Note - it's not very clear, but if you look at the integration you need to get in (b), it is clear that this is what is needed.

 

[+GriM ReApeR+]

Originally posted by CM_Tutor
It means you need to find real numbers A, B and C such that

sin⁴2x = A + Bcos4x + Ccos8x

Note - it's not very clear, but if you look at the integration you need to get in (b), it is clear that this is what is needed.

so that means i have to expand sin^4(2x)?

 

[CM_Tutor]

You will need to get an expression for sin²2x by expanding cos4x. Then square - you can eliminate the cos²4x term that results by looking at cos8x.

 

[AGB]

Originally posted by CM_Tutor
You will need to get an expression for sin²2x by expanding cos4x.

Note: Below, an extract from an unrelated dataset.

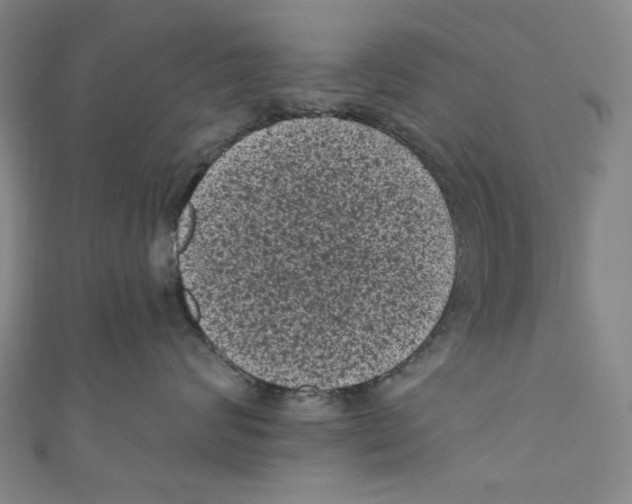 X0000110940624200907171609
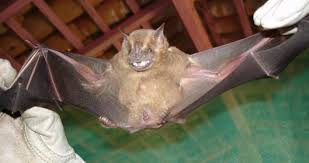 Attēlu rezultāti vaicājumam “Chiroptera”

Then square - you can eliminate the cos²4x term that results by looking at cos8x.

cant you just use that formula for sin²x = (.5 - .5cos2x) i.e. re write the equation as (sin²x)² then do it normally??

 

[CM_Tutor]

Originally posted by AGB
cant you just use that formula for sin²x = (.5 - .5cos2x) i.e. re write the equation as (sin²x)² then do it normally??

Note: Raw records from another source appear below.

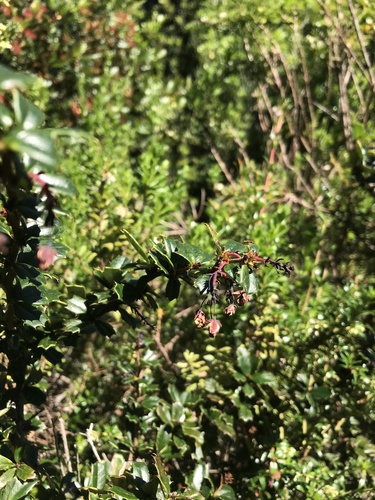 Berberis darwinii (Darwin's barberry) (alternate view 2)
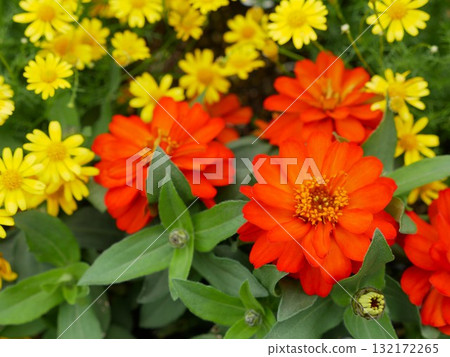 百日草01 百日草01 132172265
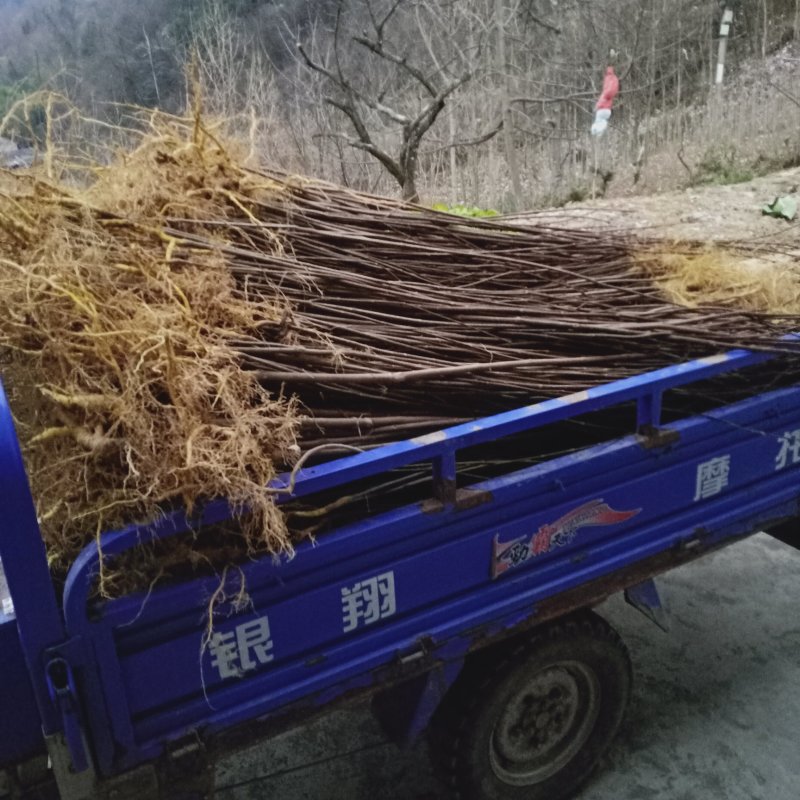 黄柏苗，黄柏黄柏苗，黄柏黄柏苗，黄柏，黄柏黄柏苗，黄柏黄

Remember that the question asked for sin⁴2x in terms of cos4x

 

[AGB]

Originally posted by CM_Tutor
Remember that the question asked for sin⁴2x in terms of cos4x

sorry... typo...

but i got the right answer using that identity (you have to use it twice):

sin⁴x = (sin²x)²

= (.5 - .5cos4x)²

= .25 - .5cos4x + .25(cos²4x)

integrate that and you get....

= .25x - .125sin4x + .25[.5x + .125sin8x]

= 3x/8 - sin4x/8 + sin8x/64 + C

as required...

 

[CM_Tutor]

You mean sin⁴2x = (sin²2x)² = (.5 - .5cos4x)² = .25 - .5cos4x + .25(cos²4x)
which is the same as expanding cos4x and then squaring.

In other words, our methods are the same.